С дипломом мне повезло. Тема была градостроительная – планировка и застройка жилого района и три типа жилых домов, никаких особенных проблем с излишествами. «Китайцев» на покраску генпланов найти было не так сложно, а перспективы я старался делать сам. На меня работало два самых квалифицированных «китайца» – ассистент кафедры Клара Георгиевна и мой друг Юрий Паскевич.
Преддипломную практику я проходил в Киевпроекте. Мне сразу же предложили поехать на обмеры в Новгород-Северский. Экспедицией руководил Николай Вячеславович Холостенко – блестящий знаток истории архитектурных памятников. Перед этим он руководил обмерами Кирилловской церкви. В группу входила одна женщина-архитектор, которая рассказала мне такую историю. На территории Кирилловской церкви находится психиатрическая больница. Для обмера купола они забрались на кровлю. Было очень ветрено, и она уговорила Николая Вячеславовича надеть свою вязаную кофточку и шапочку. Во время перерыва они все отправились в столовую, а Холостенко остался на кровле поработать. Кто-то его заметил, принял за больного и предложил слезть. Он в ответ прокричал:
– Я не могу слезть. Мне нужно еще на крыше поработать.
Пожилой мужчина в дамской кофте и шапочке сидит на крыше, что-то пишет и собирается поработать – сомнения отпали. Вызвали пожарную машину из ближайшего депо и отправили по лестнице двух санитаров. Естественно, он оказал сопротивление.
Но силы были неравными. Его все-таки сняли. И если бы к этому времени не подоспели сотрудники – неизвестно, чем бы это все кончилось.
Так что фактически я свою преддипломную практику провел на стенах Новгород-Северского кремля. Материал для диплома у меня был уже готов.
На защите меня спросили, за счет чего я решаю архитектурный облик жилых домов. Я держался стойко. Ни слова о декоративных элементах, на которых ловили моих предшественников. Только лоджии и вертикальное озеленение – вьющаяся зелень, столь широко применяемая в Европе. Это понравилось. После этого всех спрашивали, предусмотрено ли у них вертикальное озеленение. Все дружно отвечали, что да, а один наиболее преданный дипломник прямо с этого начал доклад.
Это был тяжелый период для архитекторов. Великая и нерушимая Академия архитектуры трещала по всем швам под массовым напором чиновников во главе с главным архитектором и аграрием Советского Союза Никитой Сергеевичем.
…Это был полный мужчина с красной физиономией, маленькими глазками и большими залысинами.
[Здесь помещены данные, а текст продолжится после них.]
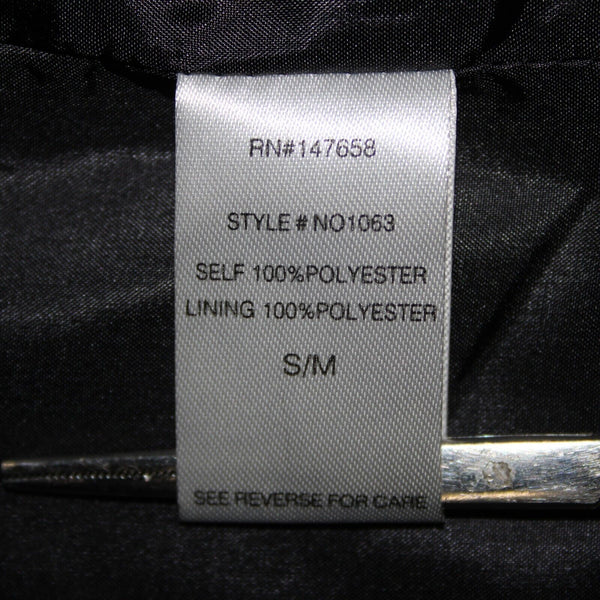 Stella Sz S/M Black Pockets Lined Collared Buttons 100% Polyester No Belt Coat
Он сидел за огромным двуспальным письменным столом, говорил очень уверенно, но старался смотреть не на нас, а куда-то мимо.
– Скажу вам честно, поскольку мы с вами хорошо знакомы, – разоткровенничался заместитель начальника киевской таможни. – Лица еврейской национальности покидают Украину, вывозят белье и посуду. Вот и сидит наше население без товаров.
С нами он говорил в более мягкой форме, чем с другими посетителями. За два года до этого у меня в мастерской появились люди в фуражках с зелеными околышками и сообщили, что им нужно со мной серьезно поговорить с глазу на глаз. Мне стало не по себе. Когда мы остались наедине, один из них достал из портфеля бутылку французского коньяка. Оказалось, что они пришли ко мне по рекомендации одного из чиновников Госстроя с просьбой сделать эскизный проект реконструкции своего управления на улице Рейтарской. Мне стало легче. Они и в дальнейшем расплачивались импортным коньяком, очевидно конфискованным у отъезжающих.
Я слушал замначальника и думал – есть украинцы, есть армяне, есть эстонцы, а вот евреев в бывшем Советском Союзе нет. Есть лица еврейской национальности. Какой же чиновник-юдофоб придумал этот термин? Очевидно, такой же, как тот, что изобрел таможенные постановления со списком товаров, разрешенных к вывозу. Не было процедуры более унизительной, чем отправка своих вещей за границу, в Израиль, в Германию, в Америку… Белье нельзя, посуду нельзя, обувь иномарок нельзя. Следует длиннейший список, чего нельзя. Рядом – коротенький – что можно: подушки, ношенная обувь советского производства, пальто с отпоротым воротником.